Há ainda livros que relatam as campanhas anteriores de Lula à Presidência e a sua experiência nas "caravanas da cidadania".
Quando o assunto é Serra, o próprio tucano é o autor da maior parte das publicações. Há pelo menos 15 livros que esmiuçam a trajetória e as idéias do ex-ministro de FHC, principalmente por meio de ensaios e artigos.
Sobre a vida de Serra há poucos registros. O mais extenso é também o mais recente, a biografia-entrevista "O Sonhador que Faz", lançada por ocasião da candidatura do tucano e escrita pelo jornalista Teodomiro Braga, com a supervisão do próprio Serra.
O livro traz informações e "causos" da infância do tucano na Mooca, da atuação na política estudantil, do exílio chileno, da carreira de parlamentar e ministro.

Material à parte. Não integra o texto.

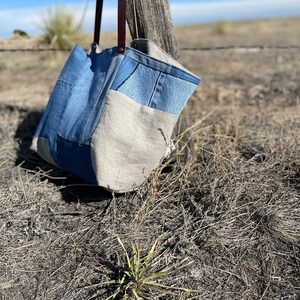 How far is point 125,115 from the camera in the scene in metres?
2.17

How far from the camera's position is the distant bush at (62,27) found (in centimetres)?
579

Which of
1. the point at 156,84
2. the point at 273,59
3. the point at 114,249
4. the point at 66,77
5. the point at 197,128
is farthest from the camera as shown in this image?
the point at 273,59

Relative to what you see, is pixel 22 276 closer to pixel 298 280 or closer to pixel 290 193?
pixel 298 280

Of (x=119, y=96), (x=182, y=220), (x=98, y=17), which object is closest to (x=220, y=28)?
(x=98, y=17)

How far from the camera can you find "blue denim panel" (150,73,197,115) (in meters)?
2.20

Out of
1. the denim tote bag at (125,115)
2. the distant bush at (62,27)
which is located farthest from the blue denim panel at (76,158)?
the distant bush at (62,27)

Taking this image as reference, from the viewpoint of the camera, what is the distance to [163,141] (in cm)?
227

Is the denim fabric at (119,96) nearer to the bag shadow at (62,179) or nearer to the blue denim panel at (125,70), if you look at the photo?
the blue denim panel at (125,70)

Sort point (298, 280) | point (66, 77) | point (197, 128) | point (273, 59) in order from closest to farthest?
point (298, 280) → point (66, 77) → point (197, 128) → point (273, 59)

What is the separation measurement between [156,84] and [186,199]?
26.9 inches

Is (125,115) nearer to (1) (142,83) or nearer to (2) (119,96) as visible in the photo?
(2) (119,96)

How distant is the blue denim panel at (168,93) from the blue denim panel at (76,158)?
0.46m

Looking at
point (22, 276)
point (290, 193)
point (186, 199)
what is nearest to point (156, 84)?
point (186, 199)

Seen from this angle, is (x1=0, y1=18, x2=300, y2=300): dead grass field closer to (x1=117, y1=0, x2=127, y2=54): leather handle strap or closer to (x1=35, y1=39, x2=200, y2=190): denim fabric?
(x1=35, y1=39, x2=200, y2=190): denim fabric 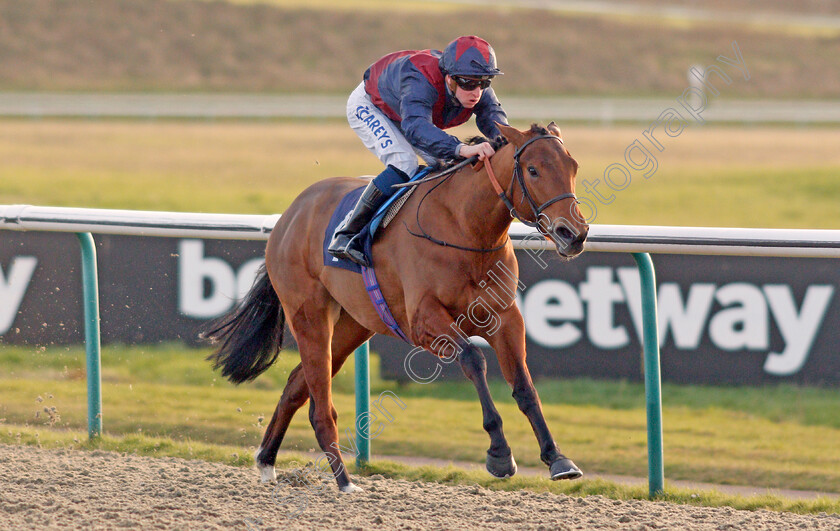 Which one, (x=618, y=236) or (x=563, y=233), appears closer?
(x=563, y=233)

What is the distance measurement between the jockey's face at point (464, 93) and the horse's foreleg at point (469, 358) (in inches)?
29.1

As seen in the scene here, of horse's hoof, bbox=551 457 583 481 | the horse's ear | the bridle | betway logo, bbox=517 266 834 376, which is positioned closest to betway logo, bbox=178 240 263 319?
betway logo, bbox=517 266 834 376

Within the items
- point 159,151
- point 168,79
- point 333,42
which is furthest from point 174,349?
point 333,42

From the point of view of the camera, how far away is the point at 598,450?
16.9ft

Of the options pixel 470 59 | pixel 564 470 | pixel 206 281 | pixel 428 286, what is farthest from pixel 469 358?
pixel 206 281

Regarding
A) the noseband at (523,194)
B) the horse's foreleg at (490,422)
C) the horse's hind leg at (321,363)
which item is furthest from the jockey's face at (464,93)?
the horse's hind leg at (321,363)

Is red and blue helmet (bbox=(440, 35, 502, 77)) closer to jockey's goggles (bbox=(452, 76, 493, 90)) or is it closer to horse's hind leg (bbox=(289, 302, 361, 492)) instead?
jockey's goggles (bbox=(452, 76, 493, 90))

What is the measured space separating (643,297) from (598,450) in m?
1.44

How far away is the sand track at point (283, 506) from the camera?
345cm

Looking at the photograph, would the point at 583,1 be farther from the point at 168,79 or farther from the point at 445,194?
the point at 445,194

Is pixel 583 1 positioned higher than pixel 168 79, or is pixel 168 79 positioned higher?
pixel 583 1

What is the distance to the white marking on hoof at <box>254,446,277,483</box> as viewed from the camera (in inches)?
164

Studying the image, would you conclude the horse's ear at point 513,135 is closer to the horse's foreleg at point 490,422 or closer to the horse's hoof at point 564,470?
the horse's foreleg at point 490,422

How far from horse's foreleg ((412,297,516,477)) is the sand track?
32cm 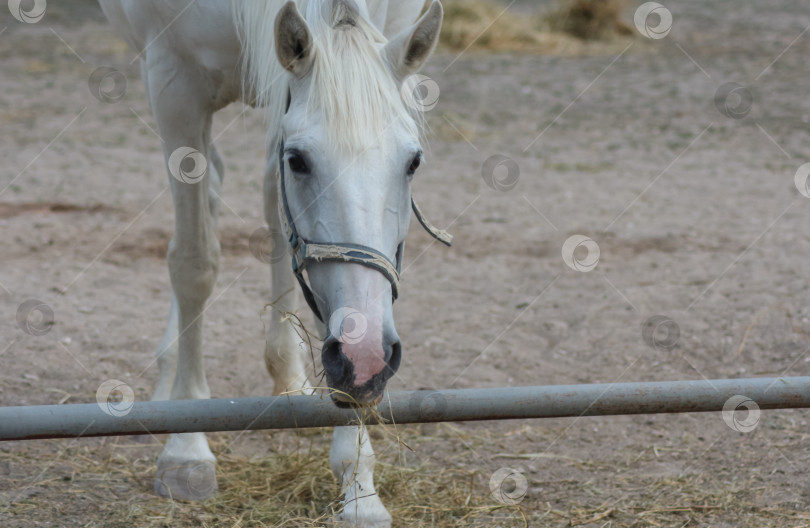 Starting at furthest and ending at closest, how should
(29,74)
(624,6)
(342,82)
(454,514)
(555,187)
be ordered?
1. (624,6)
2. (29,74)
3. (555,187)
4. (454,514)
5. (342,82)

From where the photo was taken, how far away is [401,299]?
446cm

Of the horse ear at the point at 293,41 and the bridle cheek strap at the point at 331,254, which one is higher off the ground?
the horse ear at the point at 293,41

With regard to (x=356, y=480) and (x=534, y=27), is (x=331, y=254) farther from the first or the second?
(x=534, y=27)

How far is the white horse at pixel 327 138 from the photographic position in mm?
1919

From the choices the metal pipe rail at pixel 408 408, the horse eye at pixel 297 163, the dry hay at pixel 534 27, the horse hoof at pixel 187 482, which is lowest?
the metal pipe rail at pixel 408 408

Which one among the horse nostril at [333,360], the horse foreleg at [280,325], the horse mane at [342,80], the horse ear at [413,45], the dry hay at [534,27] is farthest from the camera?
the dry hay at [534,27]

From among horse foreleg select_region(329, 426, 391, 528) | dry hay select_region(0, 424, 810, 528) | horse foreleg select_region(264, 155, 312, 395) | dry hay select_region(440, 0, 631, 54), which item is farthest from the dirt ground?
dry hay select_region(440, 0, 631, 54)

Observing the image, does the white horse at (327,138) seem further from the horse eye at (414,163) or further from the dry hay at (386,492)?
the dry hay at (386,492)

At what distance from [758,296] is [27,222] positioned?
4.14 meters

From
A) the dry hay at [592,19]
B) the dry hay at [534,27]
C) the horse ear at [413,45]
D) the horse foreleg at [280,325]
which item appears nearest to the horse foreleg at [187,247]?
the horse foreleg at [280,325]

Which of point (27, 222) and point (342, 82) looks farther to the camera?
point (27, 222)

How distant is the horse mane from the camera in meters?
2.00

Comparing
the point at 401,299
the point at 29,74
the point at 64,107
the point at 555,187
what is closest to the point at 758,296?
the point at 401,299

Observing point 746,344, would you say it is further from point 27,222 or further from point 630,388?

Braga, entretanto, considera insuficientes as informações bibliográficas sobre a vida do colega. "Fizemos em pergunta e resposta porque uma biografia normal exigiria muita pesquisa e um tempo que não tínhamos. O livro foi feito para suprir uma lacuna, mas ainda acho que a biografia dele é muito pouco conhecida."

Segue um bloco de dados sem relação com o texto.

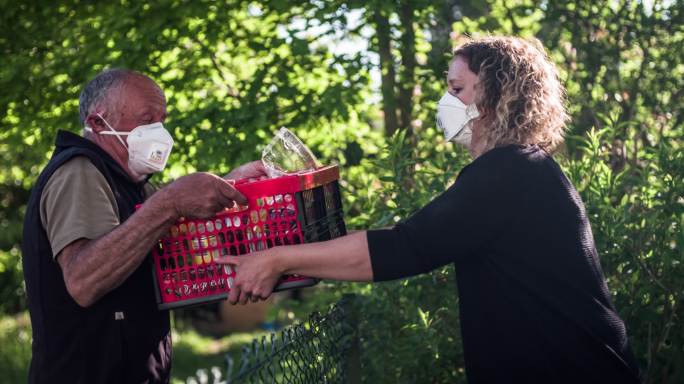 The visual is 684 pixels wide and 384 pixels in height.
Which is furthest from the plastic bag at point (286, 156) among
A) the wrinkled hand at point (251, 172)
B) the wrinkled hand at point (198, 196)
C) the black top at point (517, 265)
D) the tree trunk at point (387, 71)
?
the tree trunk at point (387, 71)

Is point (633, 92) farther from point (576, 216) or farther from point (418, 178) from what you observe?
point (576, 216)

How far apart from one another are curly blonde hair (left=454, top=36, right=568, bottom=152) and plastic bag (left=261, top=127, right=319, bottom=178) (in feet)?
2.34

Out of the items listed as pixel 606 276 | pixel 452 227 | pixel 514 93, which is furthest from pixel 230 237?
pixel 606 276

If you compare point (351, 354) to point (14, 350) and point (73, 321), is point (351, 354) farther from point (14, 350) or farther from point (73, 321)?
point (14, 350)

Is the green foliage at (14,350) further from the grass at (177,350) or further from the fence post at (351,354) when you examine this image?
the fence post at (351,354)

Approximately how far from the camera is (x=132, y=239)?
8.08ft

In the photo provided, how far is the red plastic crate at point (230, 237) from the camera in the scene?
8.48 feet

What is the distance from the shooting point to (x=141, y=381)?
109 inches

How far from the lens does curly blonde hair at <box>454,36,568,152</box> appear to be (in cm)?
258

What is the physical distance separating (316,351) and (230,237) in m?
1.02

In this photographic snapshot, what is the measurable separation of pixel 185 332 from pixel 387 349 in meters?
9.37

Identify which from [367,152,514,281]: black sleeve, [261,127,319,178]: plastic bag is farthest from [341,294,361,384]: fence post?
[367,152,514,281]: black sleeve

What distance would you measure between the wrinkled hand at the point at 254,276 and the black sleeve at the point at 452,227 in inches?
12.3

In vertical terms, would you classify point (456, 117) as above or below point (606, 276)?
above
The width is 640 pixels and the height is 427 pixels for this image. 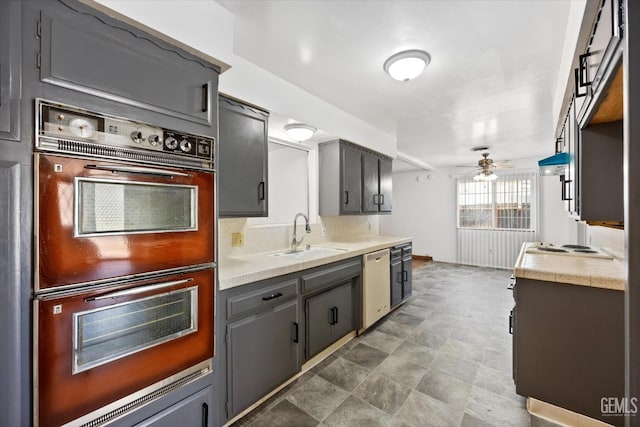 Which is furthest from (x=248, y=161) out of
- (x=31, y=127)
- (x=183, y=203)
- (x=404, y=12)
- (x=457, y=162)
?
(x=457, y=162)

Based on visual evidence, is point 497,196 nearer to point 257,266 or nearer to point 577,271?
point 577,271

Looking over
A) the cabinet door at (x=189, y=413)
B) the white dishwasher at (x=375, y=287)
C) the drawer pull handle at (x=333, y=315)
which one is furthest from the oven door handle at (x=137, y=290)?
the white dishwasher at (x=375, y=287)

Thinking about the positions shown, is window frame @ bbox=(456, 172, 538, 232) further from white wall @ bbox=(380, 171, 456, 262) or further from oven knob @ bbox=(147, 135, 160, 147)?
oven knob @ bbox=(147, 135, 160, 147)

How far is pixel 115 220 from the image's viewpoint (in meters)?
1.21

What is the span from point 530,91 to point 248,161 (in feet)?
9.47

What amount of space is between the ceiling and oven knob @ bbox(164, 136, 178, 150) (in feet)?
A: 2.96

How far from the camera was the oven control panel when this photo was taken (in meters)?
1.05

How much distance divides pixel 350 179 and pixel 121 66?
8.22ft

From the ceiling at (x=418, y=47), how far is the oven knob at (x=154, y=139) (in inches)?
36.7

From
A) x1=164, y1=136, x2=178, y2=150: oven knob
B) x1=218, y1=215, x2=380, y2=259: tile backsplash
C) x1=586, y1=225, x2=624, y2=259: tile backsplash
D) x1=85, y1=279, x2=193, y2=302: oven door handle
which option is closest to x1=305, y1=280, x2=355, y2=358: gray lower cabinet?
x1=218, y1=215, x2=380, y2=259: tile backsplash

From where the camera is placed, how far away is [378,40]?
1905 mm

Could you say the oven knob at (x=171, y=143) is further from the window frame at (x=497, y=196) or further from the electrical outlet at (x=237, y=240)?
the window frame at (x=497, y=196)

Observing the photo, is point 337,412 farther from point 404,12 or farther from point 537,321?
point 404,12

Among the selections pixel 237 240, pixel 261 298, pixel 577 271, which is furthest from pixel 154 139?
pixel 577 271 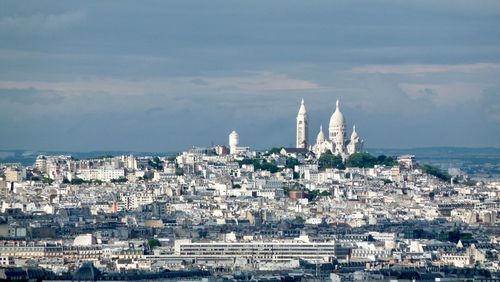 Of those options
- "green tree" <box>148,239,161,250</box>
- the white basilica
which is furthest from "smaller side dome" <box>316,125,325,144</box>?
"green tree" <box>148,239,161,250</box>

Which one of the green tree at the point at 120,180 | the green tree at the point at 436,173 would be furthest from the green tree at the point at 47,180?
the green tree at the point at 436,173

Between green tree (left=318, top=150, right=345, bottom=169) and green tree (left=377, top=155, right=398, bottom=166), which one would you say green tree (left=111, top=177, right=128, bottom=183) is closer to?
green tree (left=318, top=150, right=345, bottom=169)

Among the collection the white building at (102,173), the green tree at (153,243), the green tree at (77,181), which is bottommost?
the green tree at (153,243)

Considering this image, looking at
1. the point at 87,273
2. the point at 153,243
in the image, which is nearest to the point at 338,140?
the point at 153,243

Mais regulares, os livros de artigos e ensaios de Serra abordam especialmente temas econômicos (como milagre brasileiro, dependentismo e orçamento) e políticos (ele faz a defesa recorrente do parlamentarismo e da reforma política). Em 2000, foi publicado "Ampliando o Possível", reunião de textos do tucano sobre saúde pública, referentes à sua gestão como ministro da Saúde.

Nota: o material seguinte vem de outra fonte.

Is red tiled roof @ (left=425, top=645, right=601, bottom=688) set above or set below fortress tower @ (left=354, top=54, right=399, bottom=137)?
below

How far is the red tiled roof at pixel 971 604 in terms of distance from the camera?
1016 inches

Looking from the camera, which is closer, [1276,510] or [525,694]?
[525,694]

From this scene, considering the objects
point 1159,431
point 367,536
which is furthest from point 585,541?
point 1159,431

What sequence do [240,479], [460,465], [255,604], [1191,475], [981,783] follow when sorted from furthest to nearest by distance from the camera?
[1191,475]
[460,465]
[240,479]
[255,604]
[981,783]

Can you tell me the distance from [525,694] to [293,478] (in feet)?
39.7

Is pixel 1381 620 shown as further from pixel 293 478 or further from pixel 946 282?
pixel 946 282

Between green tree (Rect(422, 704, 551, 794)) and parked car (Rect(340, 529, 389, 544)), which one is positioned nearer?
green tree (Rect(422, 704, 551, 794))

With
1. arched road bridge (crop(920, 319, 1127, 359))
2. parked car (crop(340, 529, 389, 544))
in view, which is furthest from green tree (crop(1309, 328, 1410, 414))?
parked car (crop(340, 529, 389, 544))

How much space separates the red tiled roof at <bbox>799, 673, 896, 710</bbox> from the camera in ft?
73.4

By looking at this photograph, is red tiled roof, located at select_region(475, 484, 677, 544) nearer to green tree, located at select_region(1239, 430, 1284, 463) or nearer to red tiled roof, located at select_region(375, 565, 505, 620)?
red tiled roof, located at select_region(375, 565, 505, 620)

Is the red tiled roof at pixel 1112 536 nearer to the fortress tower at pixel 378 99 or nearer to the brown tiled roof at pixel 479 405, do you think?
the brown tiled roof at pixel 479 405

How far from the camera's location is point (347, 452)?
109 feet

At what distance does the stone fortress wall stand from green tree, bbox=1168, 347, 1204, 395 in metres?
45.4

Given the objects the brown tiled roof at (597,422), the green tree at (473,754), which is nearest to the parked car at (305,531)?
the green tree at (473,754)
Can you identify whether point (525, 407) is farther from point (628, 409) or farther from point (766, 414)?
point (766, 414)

Possivelmente a obra de maior repercussão de Serra é o artigo "Além da Estagnação ", em parceria com a economista Maria da Conceição Tavares, hoje no PT, e publicado no livro "Da Substituição de Importações ao Capitalismo Financeiro", de 1972.
A análise feita pelos dois -de que as economias latino-americanas podiam se desenvolver mesmo dependentes do capital estrangeiro- foi compartilhada e ampliada por FHC e Enzo Faletto em "Dependência e Desenvolvimento na América Latina".
Autor mais constante que Serra e Lula, o atual presidente -que escreveu 23 livros até virar candidato ao Planalto pela primeira vez, em 94- foi questionado por ter "traído" o pensamento esquerdista que norteou "Dependência" e outras obras.
As críticas surgiram principalmente após a polêmica da frase "esqueçam o que eu escrevi", que teria sido dita por ele quando ainda era ministro da Fazenda -FHC negou tê-la proferido.
É curioso observar a aproximação entre petistas e tucanos nos livros: além de escrever com Maria da Conceição, Serra publicou um ensaio num livro de Luiz Gonzaga Belluzzo (hoje ligado ao PT) e é entrevistado noutro organizado por Guido Mantega, principal assessor econômico de Lula.
Um problema para o (e)leitor curioso é que parte dos livros antigos referentes à Lula e Serra está fora de catálogo, restando aos interessados a alternativa de se embrenhar por bibliotecas -as de faculdades de Ciências Humanas e de Economia são uma opção.
No caso de Lula, há um facilitador: quase a totalidade das obras de ou sobre o candidato está reunida na Fundação Perseu Abramo, fundada pelo PT. O material está disponível para a consulta na sede da entidade, na rua Francisco Cruz, 234, Vila Mariana, São Paulo-SP, ou, de forma parcial, no site (www.fpabramo.org.br).